Alignment is a critical concept for the 21st Century enterprise. Alignment serves to optimize the value-generating capability of any organization.
There are two vital missions, alignment can help --accomplish. First, it is the strategic imperative for an enterprise to integrate all internal knowledge and resources, in order to deliver a superior product, or service to the customer (or consumer). So, the creative firepower, all the industry-specific, and general business competencies -- its vision, the values, ethics and integrity - all these imperatives must be fully orchestrated and aligned - to produce a differentiated and superior value - provider delivers to a customer. Every time internal alignment is off-base, the enterprise loses effectiveness and efficiency. Misalignment produces commodity outputs, or worse, inferior products or services.
Secondly, alignment as a concept, serves to unify the interests of an enterprise's - critical stakeholders. The interests, aspirations, and expectations of employees, customers, shareholders, financial analysts, communities, sometimes even governments, (and possibly other stakeholders) must be aligned. To optimize value, to assure success over time, an organization must actively manage the alignment of all its critical constituencies. Without that, success, and even survival, is at risk.
Alignment, both in product development and key stakeholder orchestration, must be a management imperative. It cannot be left to chance. It is not necessarily a byproduct of every employee - just doing a good job. It is one of the most vital skills - the 21st Century enterprise has to develop and perfect.

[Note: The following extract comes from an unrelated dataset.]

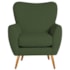 Poltrona Decorativa Luxo Moderna Sala de Estar Recepção Amélia Linho Verde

The Final Imperative: Embrace Values - As a Business Strategy
- To be a good business leader, you must be, and act, as a good person.
- Business life and personal life, will become one.
- To support creativity/to invent/to innovate -
- To maintain a nurturing yet demanding environment - you need to be, and act, as a good person.
- To live consistently by the new - increasingly level playing field rules of free enterprise - you must also be a good person.
- We can, and must, adopt the basic human values, values that will guide one's personal and, business behaviors.
- Just four values:
- Honesty
- Trust
- Respect for others and ourselves
- Integrity
- We can change ourselves for the better - by practicing and applying these values - if we can muster the rigor and commitment - of top athletes.
- We will have to apply these values-driven judgments to dozens of small and big decisions -every day.
- Then, on the Day of the Big Game, when the pressure is on, when you have a lot to win, and a lot to lose - maybe then, you'll do the right thing! And that very act, will help contribute demonstrably - to your company's reputation, to the strength of that brand -- and to your business success.
(Remember Jim Burke's brilliant, but tough business decision in the famous Tylenol case? Some 25 years later, J&J still reaps benefit from that call.)